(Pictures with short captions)
--- --- ---

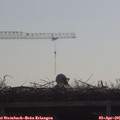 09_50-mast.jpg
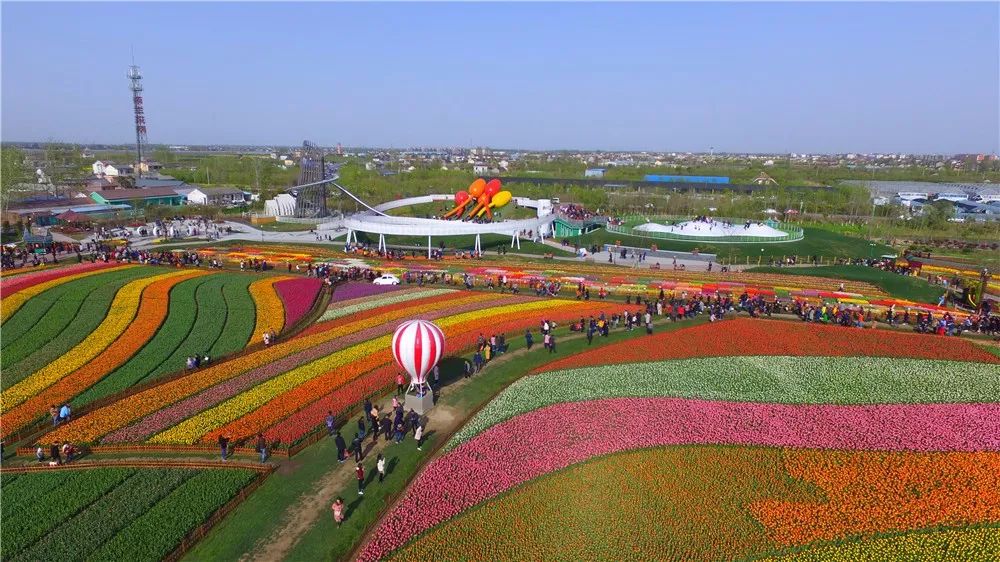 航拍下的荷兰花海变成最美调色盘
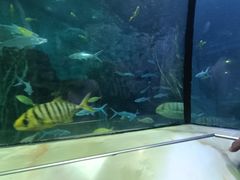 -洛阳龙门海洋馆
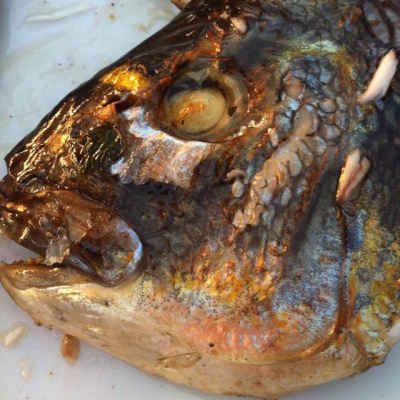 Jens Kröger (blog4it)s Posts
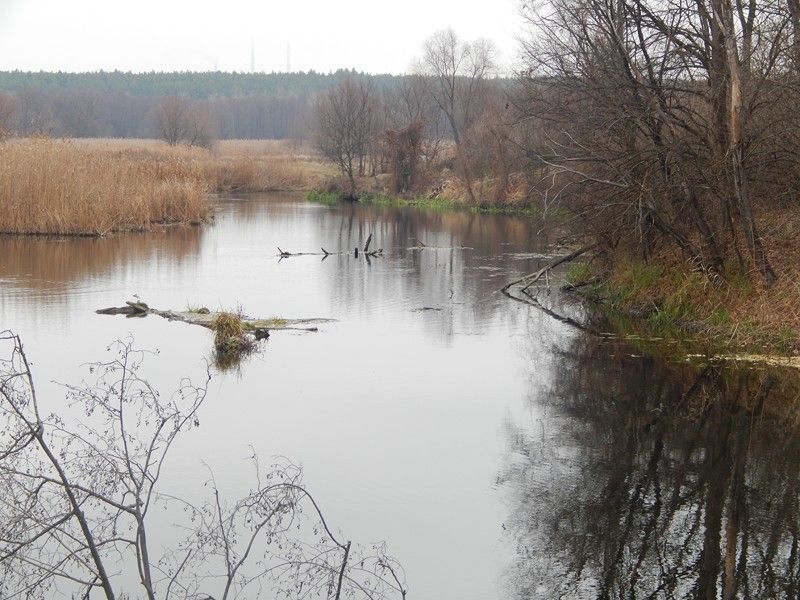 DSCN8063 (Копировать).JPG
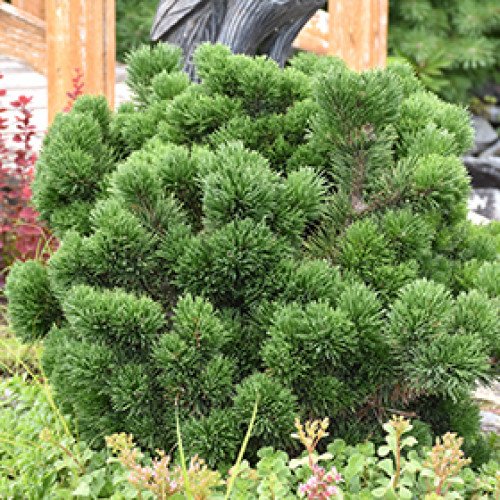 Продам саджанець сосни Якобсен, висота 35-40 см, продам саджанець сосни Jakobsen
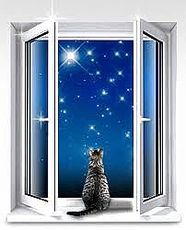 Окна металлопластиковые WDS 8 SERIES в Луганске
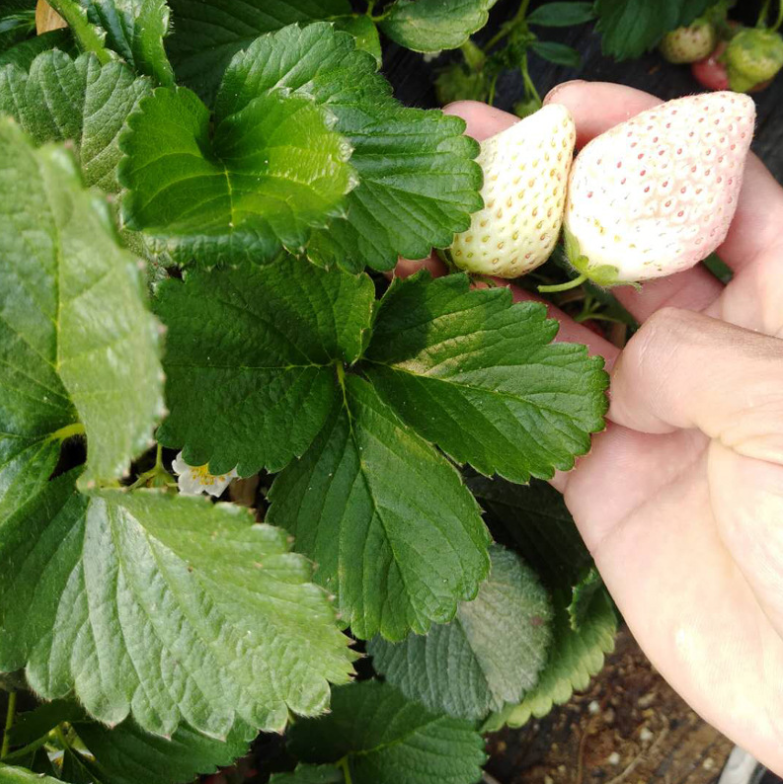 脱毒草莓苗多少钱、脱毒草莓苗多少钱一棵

--- --- ---

* Task prompt: Without copying any picture, write out the entries exactly.

* Exercise response:
 09_50-mast.jpg
 航拍下的荷兰花海变成最美调色盘
 -洛阳龙门海洋馆
 Jens Kröger (blog4it)s Posts
 DSCN8063 (Копировать).JPG
 Продам саджанець сосни Якобсен, висота 35-40 см, продам саджанець сосни Jakobsen
 Окна металлопластиковые WDS 8 SERIES в Луганске
 脱毒草莓苗多少钱、脱毒草莓苗多少钱一棵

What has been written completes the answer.